However we think about this and try to put it into effect, though, we 
should never lose sight of the fact that God DOES give us these second, 
and third, and seventy-second and even seventy-third chances. There’s no 
end to the way in which God blesses us and helps us to discover who we 
are and what God hopes we’ll do with that blessing.

	When the artist Henri Matisse talked about his vocation and how he 
transferred what he saw in his mind and heart on to canvass or paper 
cut-outs, he remarked, “The artist begins with a vision — a creative 
operation requiring effort.
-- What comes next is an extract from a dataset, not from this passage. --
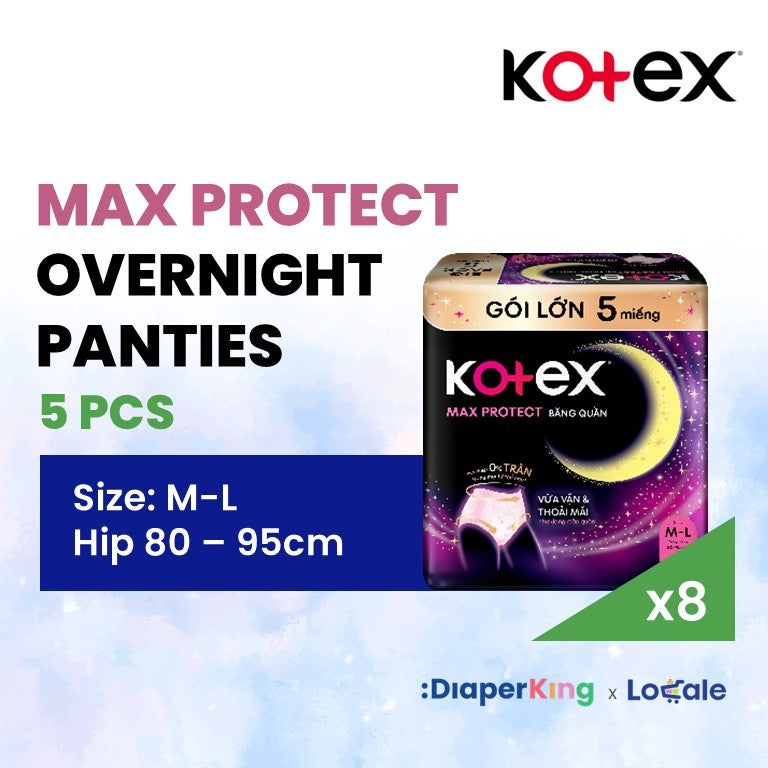 (Carton Deal) Kotex Overnight Panties - Max Protect / Cool / Herbal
Creativity takes courage.” 1 That last 
sentence strikes home with me. “Creativity takes courage.” It makes me 
wonder whether or not we can apply these words to God. After all, God is 
the Creator par excellence, and when we think about the way in which 
human beings were introduced into the picture we can almost hear a 
sudden intake of breath as God may have debated what might happen. Yet 
here we are – not just a random collection of people, but each of us a 
special, distinct life within creation – each of us with the ability to 
learn from everything around us; each of us with the possibility of 
developing; and, most importantly, each of us being stamped with the 
image of God.

	Discovering all this, then, is a part of the journey which we’re all 
called to take. The movie “The Way” talks about this journey, one 
brought about through tragedy. What followed that tragedy could have 
gone in any number of directions, but Martin Sheen’s character decided 
to see where his son had been going and to find out why it was so 
important for him – even at the cost of discomfort and the pain of his 
son’s death pressing on him.

	You might think of this as a sort of a baptism – a beginning, a 
commitment, a welcoming to a journey. It’s the sort of gentle – or 
perhaps not so gentle – confrontation in which God calls us to a life of 
discovery, often a life that involves taking new directions.
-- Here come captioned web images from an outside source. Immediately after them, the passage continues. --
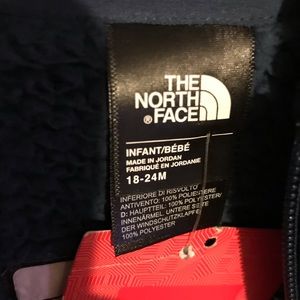North face 18-24 months bunting fleece NWT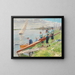 Mise à l'eau du bateau - Ferdinand Gueldry — framed artwork on a wall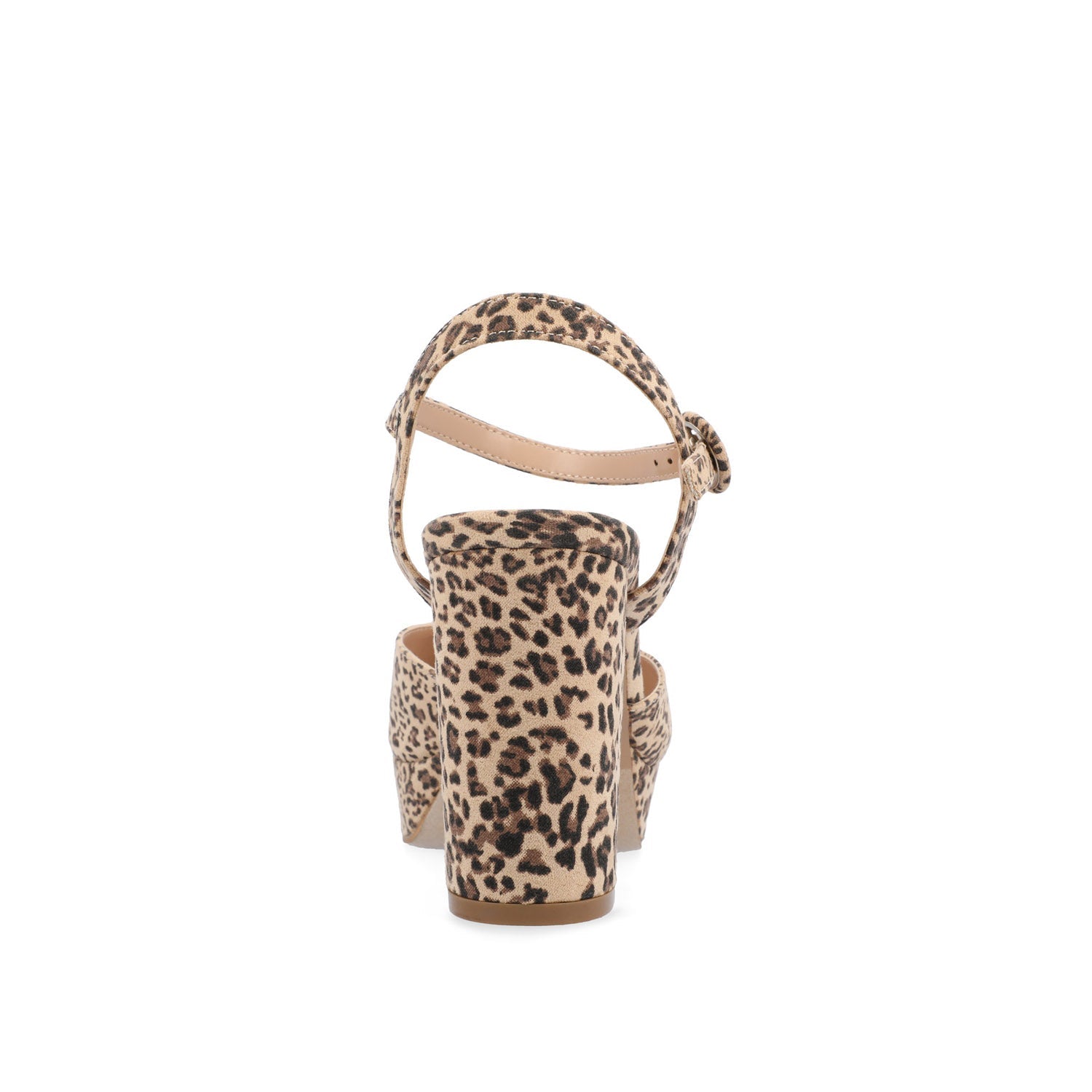 ROSLYNN PLATFORM HEELS IN FAUX SUEDE - Leopard Faux Suede 2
	So far, so good. However, on the face of it, the reading from Acts 
might make you think that there was a problem with the baptism at which 
John was officiating. Paul, at any rate, talking to folk at Ephesus, 
seemed to find fault with it. Somehow the ideas of baptism as cleansing 
and baptism as power-sharing were divorced.
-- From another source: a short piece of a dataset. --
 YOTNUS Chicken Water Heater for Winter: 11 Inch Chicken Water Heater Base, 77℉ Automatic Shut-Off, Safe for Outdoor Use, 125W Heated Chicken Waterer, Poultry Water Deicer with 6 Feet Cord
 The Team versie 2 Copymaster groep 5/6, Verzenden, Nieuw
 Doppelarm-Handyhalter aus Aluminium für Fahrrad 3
	You might think that repenting, straightening out one’s life, resolving 
conflicts within and without would be the major part of baptism, and 
that Paul would be very happy. After all, it IS initiation into the 
Christian family. It IS a sign of acceptance and belonging. I think 
we’ve always understood that. When Jesus presented Himself to His 
cousin, therefore, and asked to be baptised, just as all those other 
women and men who’d come to the river to listen to John and receive the 
rites he was offering; when Jesus presented Himself to John and was 
baptised, He was indicating He wanted to be exactly like us. He wanted 
to belong, He wanted to identify as closely as He possibly could with 
every last human being, as each one struggled with what it meant to be 
committed to live by God’s desire.

	It wasn’t a matter of Jesus needing to repent. It was everyone else who 
needed to recommit to serving God and seeking God’s specific design for 
their lives. For Jesus, it was, first and foremost, a matter of 
identification.

	So here we are, two weeks after celebrating Jesus’ birth, one week 
after He was named as God with us and God saves, here we are discovering 
one more act in which God wishes to make us feel totally within the 
family.

	It’s probably not for nothing that the Mafia refers to itself as “The 
Family”. No matter what anyone else does,
whatever happens, that person is ALWAYS family, and the family will take 
care of the problem.

	Not that I’m suggesting that God is head of the Mob – but the sincerity 
of God’s invitation and the totality of Jesus’ identification with us is 
made absolutely clear from the start of Jesus’ Presence on earth. In an 
act of tremendous courage, God has invited every last human being into 
the blessed security and companionship brought about through creation. 
God didn’t say, - to the shepherds, for instance, “Let Me see your 
credentials. What have you been doing with the sheep entrusted to your 
care?” God said simply, through one of the angels, “Come, worship, 
become a part of My Joy.” And God left it up to the shepherds, as it’s 
left up to us, to decide what impact this should have on our lives.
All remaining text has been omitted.